Supporters of voluntary euthanasia, including the husband of the late Lecretia Seales, have presented a petition to Parliament today.

Matt Vickers attended the Voluntary Euthanasia Society's presentation of the petition, which had some 9000 signatures and called on lawmakers to renew discussion about the right to die.

"Obviously when we got the ruling from the judge...he was quite clear that it was for Parliament to change and that there was good reason for them to do so," Mr Vickers said.

"My wife showed a lot of courage taking this to the courts. As a result of that we built up a huge groundswell of support across New Zealand."


Individual MPs from the Green, Labour, National and Act parties attended to show their support

"In some ways it should be beyond party politics," National MP Chris Bishop said.

A counter-demonstration of people opposed to euthanasia also gathered at Parliament.

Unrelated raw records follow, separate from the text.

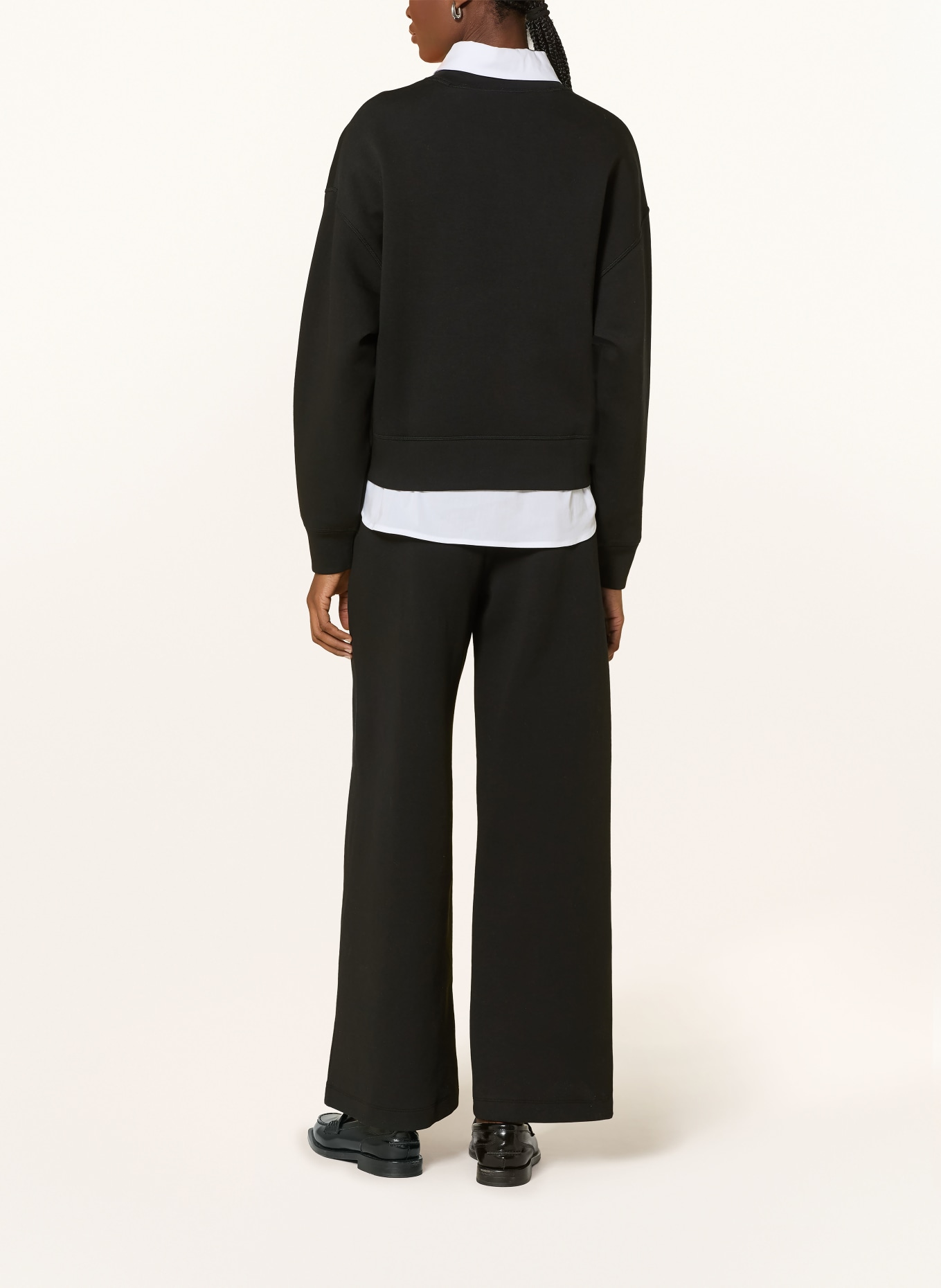 LACOSTE Mikina: ČERNÁ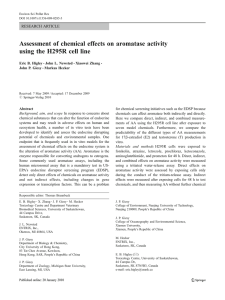 Assessment of chemical effects on aromatase activity RESEARCH ARTICLE
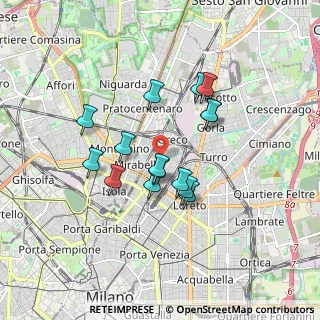 Mappa 20125 Milano MI, Italia (1.42533)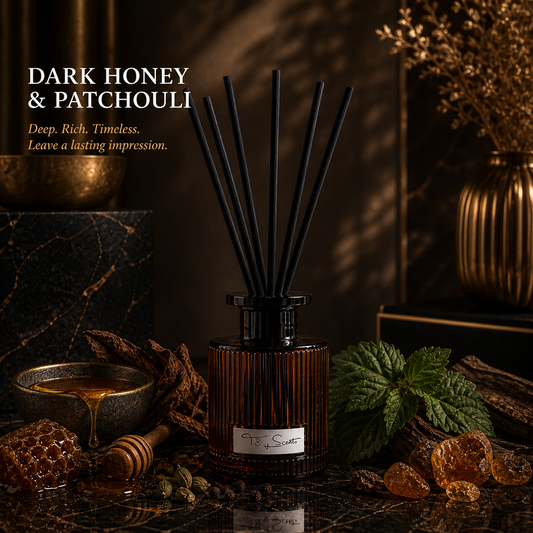 Dark Honey & Patchouli | Reed Diffuser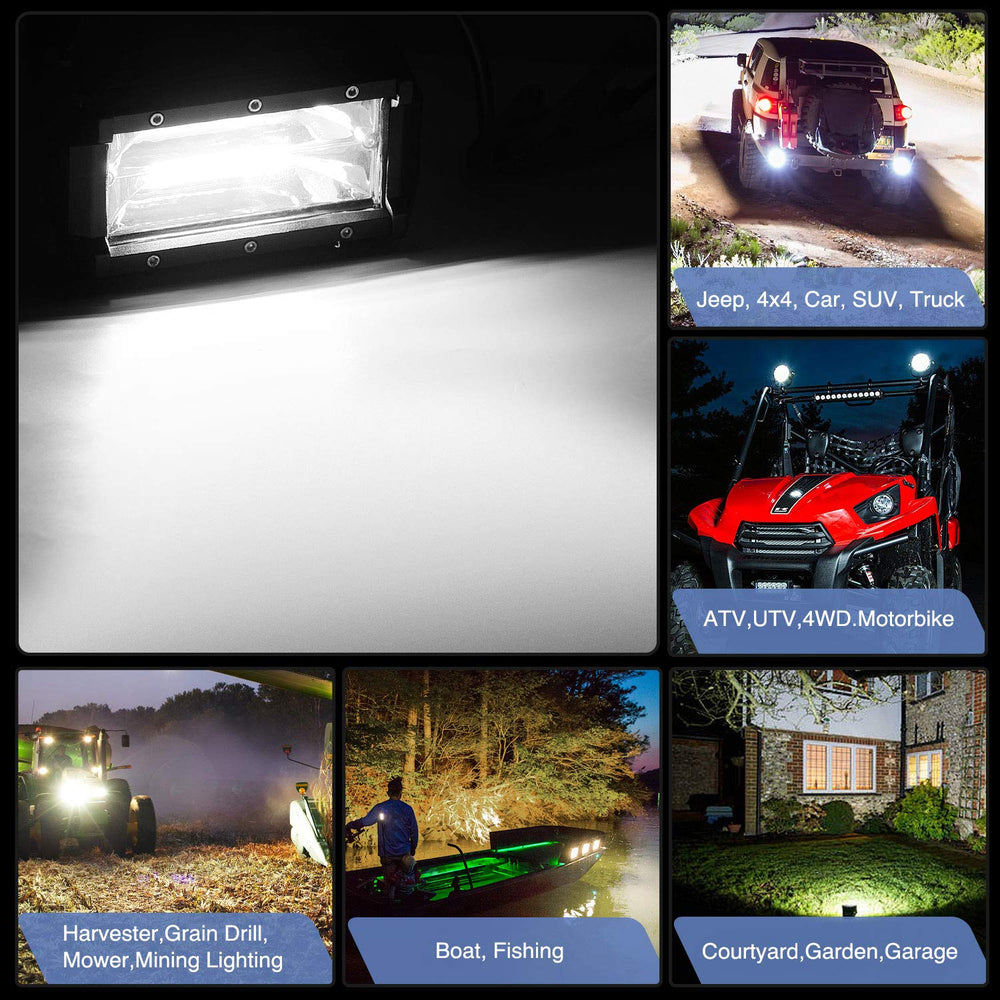 Nilight 18001F-B adjustable mounting bracket enables flexible aiming.
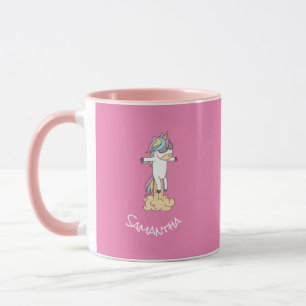 Taza Sorprendente trendy Fiesta unicornio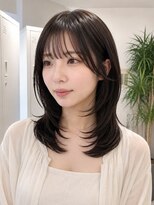 フォト イケブクロ(foto IKEBUKURO)&nbsp;結べる小顔ミディアムレイヤー/大人ミディアム/顔まわり/池袋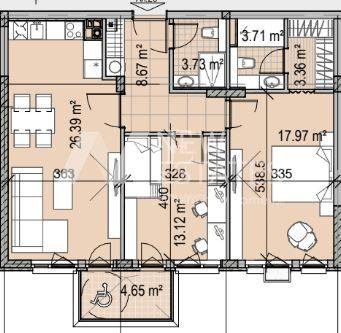 En venta  2 dormitorios Sofia , Manastirski livadi , 119 metros cuadrados | 36639787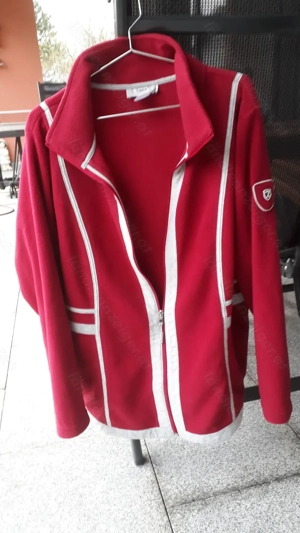 Tolle Marken-Fleecejacke, Gr. 48, sattes Rot, 2 Reißverschlusstaschen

Family First New Zealand director Bob McCoskrie said he was concerned the "right to die" would become a "duty to die" for vulnerable people including the elderly and disabled.

Lecretia Seales was unsuccessful in seeking a High Court ruling that would let her doctor help her die without criminal prosecution.

Ms Seales died of natural causes on June 5, shortly after her family and lawyers received the ruling.

Act's David Seymour, Green Party MP Kevin Hague, Labour's Iain Lees-Galloway and Chris Bishop of the National Party joined Labour MP Maryan Street in receiving the signatures on the steps of the Parliament Buildings.

Mr Vickers said Parliament had in previous years repeatedly had the "opportunity to grapple with the issue of end of life choice only to put it aside."

He said the petition reinforced the "clear public support" for lawmakers to address the issue.

"Through her case, Lecretia sought to provoke change and action but she knew that whatever the result of her case, it would and indeed should end up here," he said outside Parliament.

"She sacrificed some of her remaining time with me and her loved ones in pursuit of a more compassionate, merciful and free society -- and for more meaningful choices for those confronting terminal illnesses like her."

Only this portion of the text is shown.